Neuer Bürocampus in Wien-Meidling soll 2027 fertiggestellt werden und Platz für bis zu 990 Mitarbeitende bieten.
Der Pharmakonzern Boehringer Ingelheim investiert mehr als 100 Millionen Euro in die Erweiterung seines Standorts in Wien-Meidling. Mit der Grundsteinlegung für ein neues Büro- und Verwaltungsgebäude hat das Unternehmen den Startschuss für den nächsten Bauabschnitt seines Campus gegeben. Das Gebäude soll 2027 fertiggestellt werden und künftig bis zu 990 Mitarbeitenden Platz bieten.
Der Neubau entsteht an der Ecke Altmannsdorfer Straße und Breitenfurter Straße in unmittelbarer Nähe der bestehenden Unternehmenszentrale. Geplant sind auf sieben Obergeschoßen vor allem Büroflächen sowie eine zentrale Konferenz- und Besprechungslandschaft. Mit dem Projekt sollen Mitarbeitende, die derzeit auf mehrere Wiener Standorte verteilt sind, an einem Standort zusammengeführt werden. Gleichzeitig sollen auf dem bestehenden Campus Flächen für künftige Erweiterungen in Forschung und Produktion frei werden.

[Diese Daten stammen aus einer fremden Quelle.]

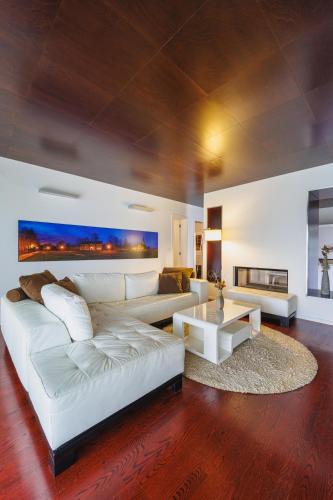 a living room with a white couch and a table at Ladanjsko Imanje Principovac in Ilok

„Mit dem neuen Gebäude bekennen wir uns klar zum Standort Wien“, sagte Generaldirektor Pavol Dobrocky bei der Grundsteinlegung. „Wir investieren damit in die Zukunft unseres Unternehmens und in jene Menschen, die hier jeden Tag wichtige Arbeit leisten. Der Neubau führt Mitarbeitende zusammen, die derzeit auf mehreren Standorten in Wien verteilt sind. Gleichzeitig entsteht am bestehenden Campus Raum für künftige Erweiterungen in Forschung und Produktion.“
Das Gebäude wird nach Unternehmensangaben auf einer Grundstücksfläche von 4.450 Quadratmeter errichtet und umfasst rund 25.900 Quadratmeter Bruttogrundfläche auf acht oberirdischen sowie zwei unterirdischen Geschoßen. Das Smart-Working-Konzept ist für 866 Arbeitsplätze ausgelegt, wobei sich maximal 990 Personen gleichzeitig im Gebäude aufhalten können. Ergänzt wird der Neubau durch ein Betriebsrestaurant, Besprechungszonen, Dachterrassengärten sowie einen begrünten Innenhof.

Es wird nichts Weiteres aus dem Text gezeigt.